Jumat, 29 September 2017

Mengestimasi Kebutuhan IKU Pemda





Kadangkala masih terdapat “keraguan” dalam membedakan  antara  IKU  dengan IKK,  apalagi  IKU  sering disebut juga  Key Performance Indicator (KPI), yang apabila diterjemahkan secara “bebas”  memiliki arti  yang sama dengan  Indikator Kinerja Kunci (IKK).   Namun jika kita, mencoba mengembalikan “pengertian” kepada ketentuan yang berlaku, maka IKU dan IKK memiliki perbedaan.    IKK  disusun  dan  ditetapkan oleh  Instansi Pembina,  sehingga  jumlah dan bentuk IKK beserta data pendukung maupun  cara perhitungannya  sudah diformulasi sedemikian melalui pedoman yang ditetapkan  oleh Instansi Pembina  tersebut.   Sedangkan IKU, disusun dan ditetapkan sendiri  oleh  setiap organisasi untuk mengukur keberhasilan organisasi  tersebut  secara menyeluruh terkait pelaksanaan tugas dan fungsinya.  Dengan demikian,  jumlah dan  bentuk IKU serta data-data kinerja pendukung yang dibutuhkan  akan bervariasi antar masing-masing  Pemda / Organisasi,  dan dipengaruhi oleh kebijakan masing-masing daerah.

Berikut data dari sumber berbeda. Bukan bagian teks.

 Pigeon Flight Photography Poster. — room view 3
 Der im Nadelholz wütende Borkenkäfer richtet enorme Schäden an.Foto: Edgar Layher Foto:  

Penyusunan IKU Pemda bersifat otonom, dan sesuai juknisnya  dapat membentuk   Tim Penyusun  terdiri dari unsur  yang berasal dari  Setda,  OPD Perencanaan, OPD Pengawasan, dan unit kerja lain sesuai kebutuhan.   IKU yang disusun seyogyanya mampu menggambarkan keberhasilan organisasi secara menyeluruh.  Agar penyusunan IKU maksimal, maka  Tim Penyusun perlu mempertimbangkan hal-hal sebagai berikut : (1) Substansi dari Tujuan dan Sasaran yang ingin diwujudkan (2) Strategi dan Arah Kebijakan; (3). Tingkat validitas IKU;  (4) Ketersediaan data kinerja. (5) Sinkronisasi dengan informasi kinerja yang dibutuhkan oleh sistem pelaporan.
Pertama,   substansi  dari tujuan dan sasaran.  Secara prosedural,  pemahaman terhadap  substansi dari Tujuan/ Sasaran merupakan tahapan  pertama  dalam  penyusunan IKU.  Dalam Permenpan Nomor 20 Tahun 2008, disebut  kegiatan  klarifikasi atas sesuatu yang menjadi kinerja utama, pernyataan hasil (result statement) atau  Tujuan / Sasaran yang ingin  dicapai.  Namun dalam praktek,  Tim penyusun sering “mengabaikannya”, dan langsung ke tahap menyusun Daftar Awal  IKU yang mungkin dapat digunakan, baik dari dokumen perencanaan yang ada maupun  dari usulan masing-masing OPD.   Proses demikian sering membuat Tim Penyusun “terjebak”, dalam kondisi hanya melakukan kompilasi, dan akhirnya   IKU yang ditetapkan belum dapat menggambarkan secara  menyeluruh keberhasilan pembangunan dan sesuai dengan kondisi riil dalam masyarakat.  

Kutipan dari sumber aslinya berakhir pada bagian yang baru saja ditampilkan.